- _Source material_:
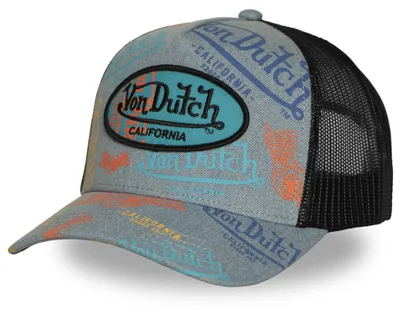 Produktbild von Von Dutch Originals Trucker Cap - CALIFORNIA ALLOVER Mesh Denim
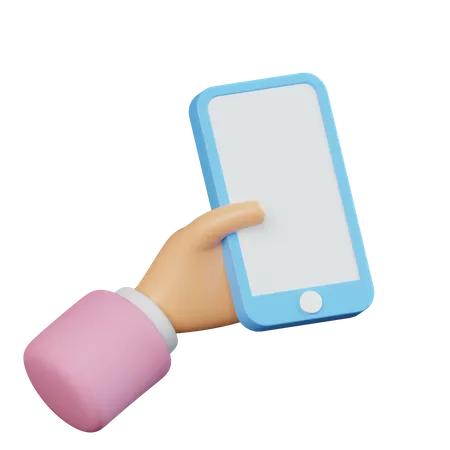 Mobile Holding Hand 3D Icon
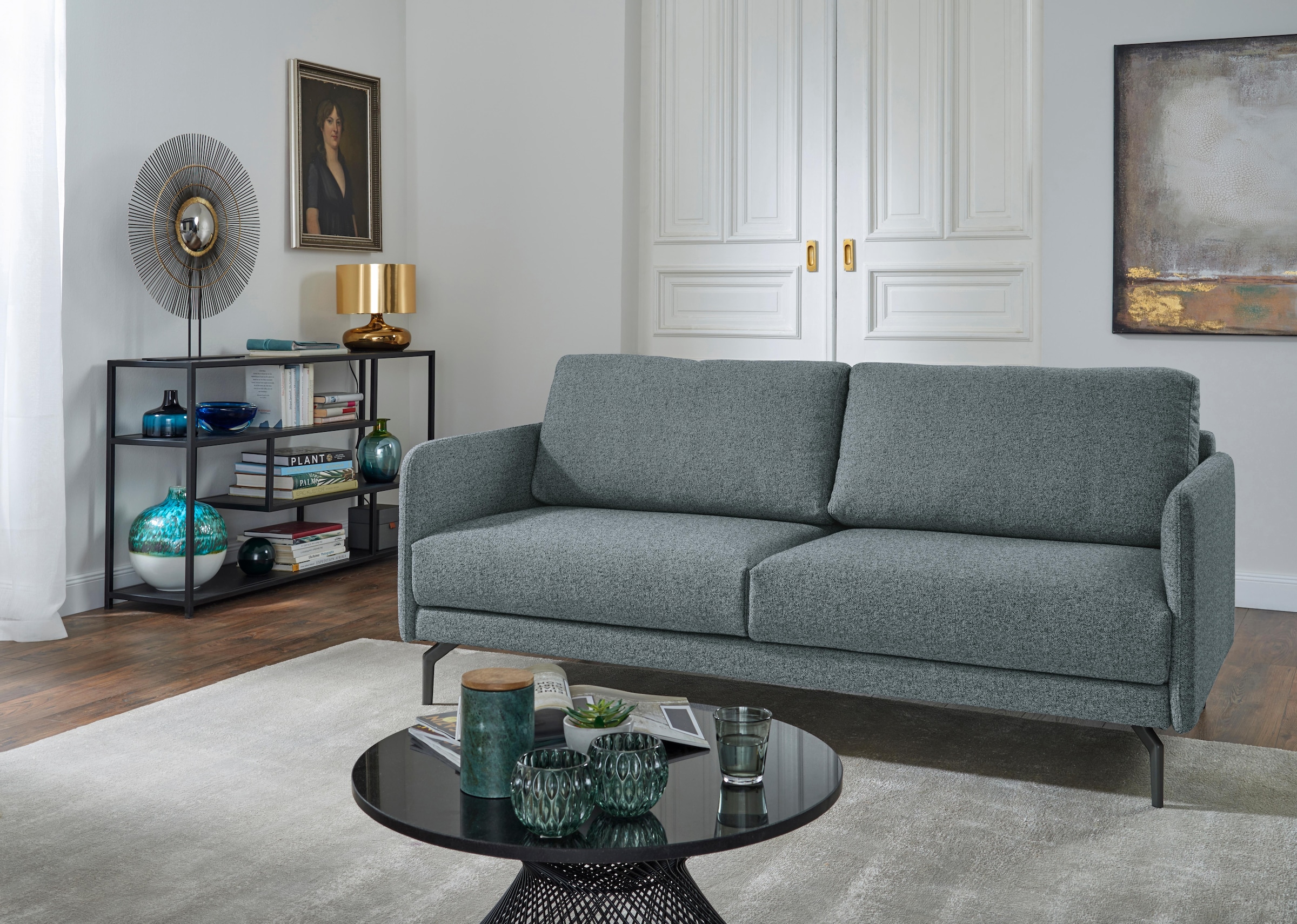 Creation BY ROLF BENZ 3-Sitzer »CR.450, Designsofa, edles Sofa, Loungesofa, Ledersofa, klares Design« Armlehne sehr schmal, Breite 190 cm, Alugussfuß Umbragrau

- _Work request_:
Omit the pictures and give the material again, exactly and in full.

- _Answer section_:
 Produktbild von Von Dutch Originals Trucker Cap - CALIFORNIA ALLOVER Mesh Denim
 Mobile Holding Hand 3D Icon
 Creation BY ROLF BENZ 3-Sitzer »CR.450, Designsofa, edles Sofa, Loungesofa, Ledersofa, klares Design« Armlehne sehr schmal, Breite 190 cm, Alugussfuß Umbragrau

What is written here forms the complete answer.